Every year, a list of the World’s Best 50 Best Restaurants is published by Restaurant Magazine (http://theworlds 50best.com). The Best Restaurant in the World in 2009 (also 2008, 2007 and 2006) is El Bulli. The list is the result of over 800 food critics including acclaimed chefs, food experts and critics “all around the world (The Nepresso Academy) voting on the best establishments they have eaten in, in the last 18 months.”
If your restaurant is voted as the best of the best in the world among your peers in the food industry, the word “success” is, excuse me, an understatement. Sometimes, I have heard of restaurants here in Cebu awarded “outstanding,” two questions will have to be asked; is it colleagues in the industry that gave the award and did you have to pay anything. Your favorite food columnist has, in the past, been awarded “outstanding veterinarian” many times but I have to pay a hefty fee for the souvenir book and the awarding ceremonies. Thank you, food guru na lang!
Each year, El Bulli (E-mail:bulli@elbulli.com, phone +34 972 15 04 57) operates only for 180 days between June and December (2009 season began in June 16, ends Dec. 20). The rest of the year, the El Bulli team, which includes a chemist and an industrial engineer, work in elBullitaller to invent new dishes, new dining utensils and serving plates for these magnificent creations.

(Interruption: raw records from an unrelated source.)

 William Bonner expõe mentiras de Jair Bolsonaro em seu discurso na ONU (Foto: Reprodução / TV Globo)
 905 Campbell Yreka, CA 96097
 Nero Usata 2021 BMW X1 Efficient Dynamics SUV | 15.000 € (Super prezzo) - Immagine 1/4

If you come from the Philippines, medyo difficult because you have to fly to Barcelona, Spain and drive for two hours along a winding mountain road to the town of Roses on the Costa Brava.

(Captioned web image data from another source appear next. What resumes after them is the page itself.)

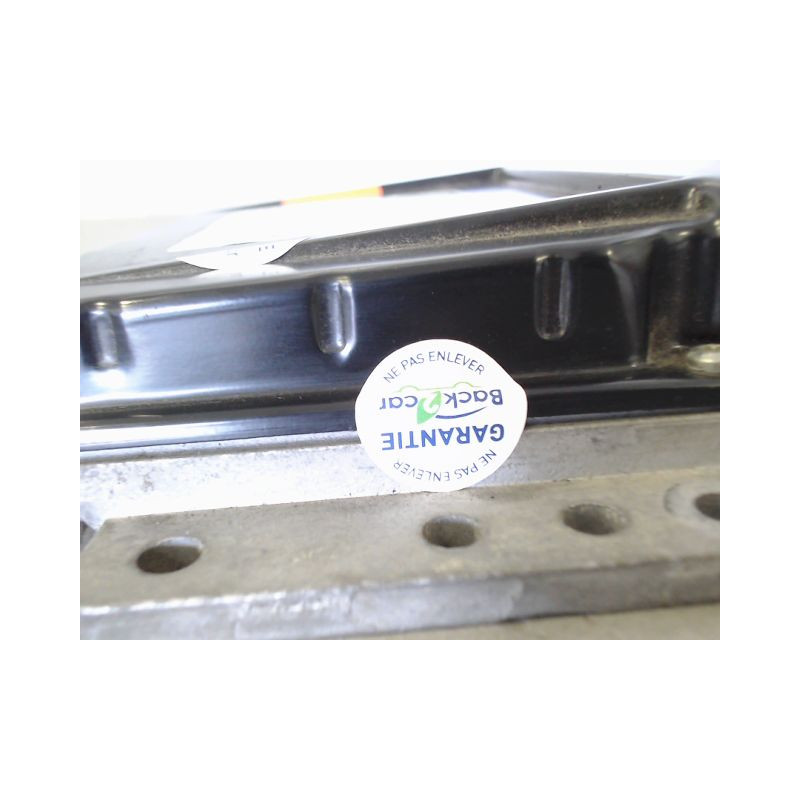 CALCULATEUR MOTEUR RENAULT CLIO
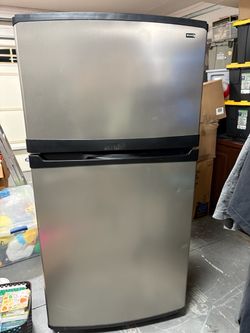 Kenmoore coldspot refrigerator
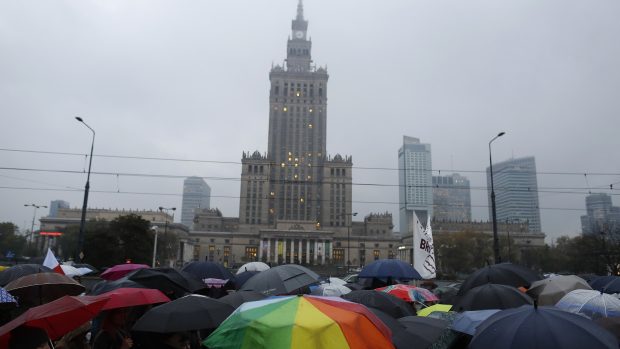 Rok po tzv. černém protestu proti úplnému zákazu potratů a jejich kriminalizaci se v desítkách měst znovu protestovalo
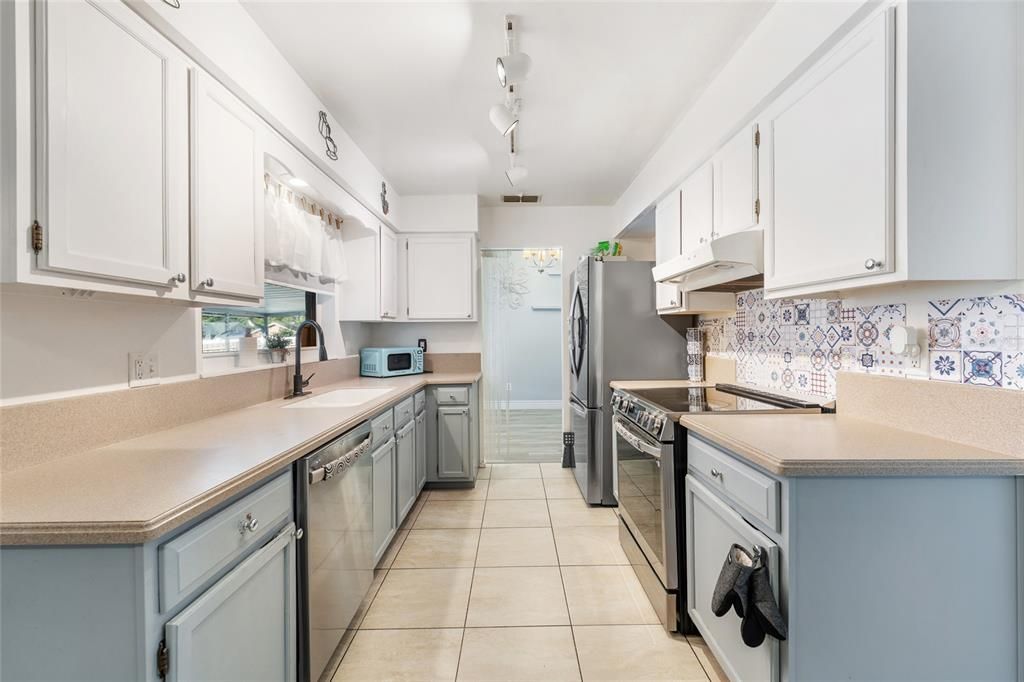 合同活跃: $425,000 (3 贝兹, 2 浴室, 1462 平方英尺)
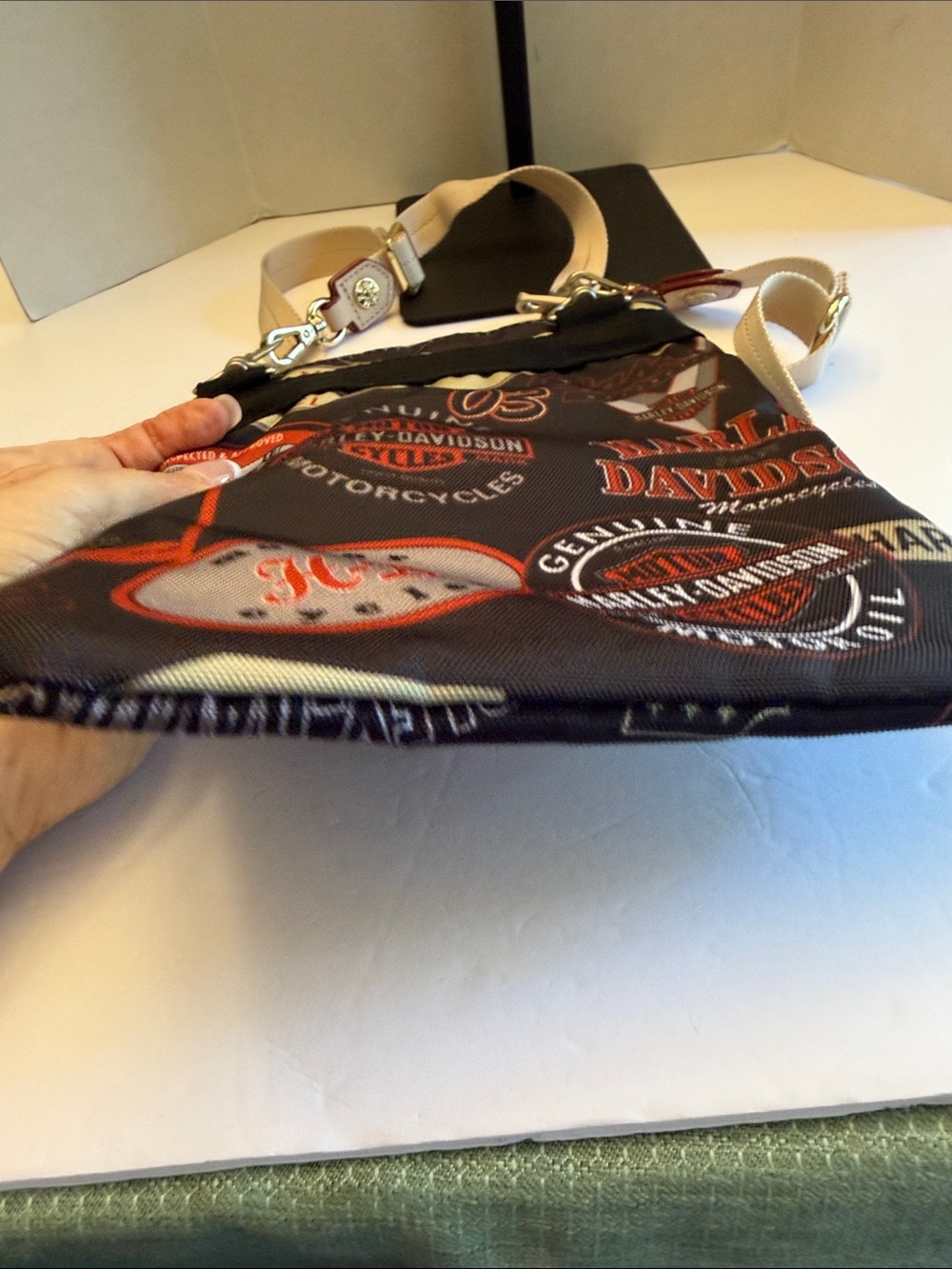 Harley-Davidson Black Bag with Red Logo Accents Crossbody - Picture 8 of 10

Usually only dinner is served to about 50 guests and you have to make a reservation because during the season, “the restaurant accommodates only 8,000 diners, but gets more than two million requests for patronage per year.”

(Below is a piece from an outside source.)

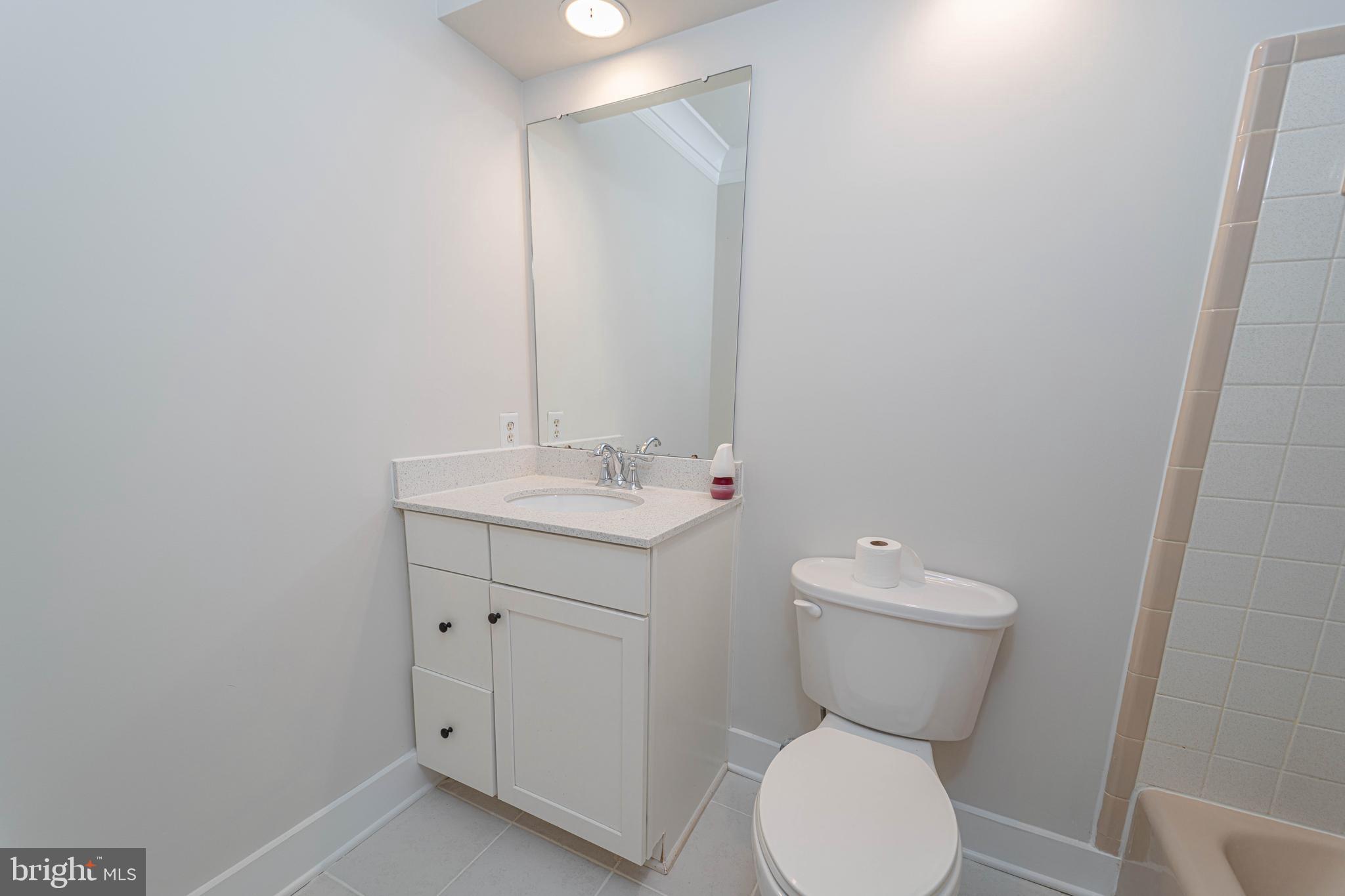 8893 Grant Avenue Manassas, VA 20110 - Photo 17 of 32 Hallway bathroom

The service brigade instructs the guest on how to proceed with the dinner, in what sequence the various items are to be consumed and what items are “edible.” This season, a flower was served and the patron was supposed to sip the nectar but not eat the flower itself.
About thirty to thirty five dishes are served from appetizers to desserts and it takes about 4 hours to finish your meal; the “average cost of a meal is 250 Euros.”
To understand what El Bulli is all about, plenty of research was needed like reading about molecular cooking, viewing the video of Anthony Bourdain’s No Reservations: Decoding Ferran Adrià and Bizarre Foods with Andrew Zimmerman in Spain and social networking with people like (http://ianandoana.com) who have been guests in this prestigious restaurant.
Permission was granted by El Bulli to download and publish food photos and I have selected 32 photos among the 1,214 images
for the viewing pleasure of my beloved readers. The first four photos are drinks/cocktails and 12 photos can be collectively called appetizers (including snacks, dry & fresh). Part Two will feature the dishes (tapas, dishes, pre-desserts) and desserts (desserts, petit fours, follies, morphs).
The restaurant is run by Ferran Adrià, who has been “acclaimed as the best chef in the world.” Experts compare his cooking “to the innovative art of Picasso and insist he will leave a huge legacy in the development of cooking as an art.”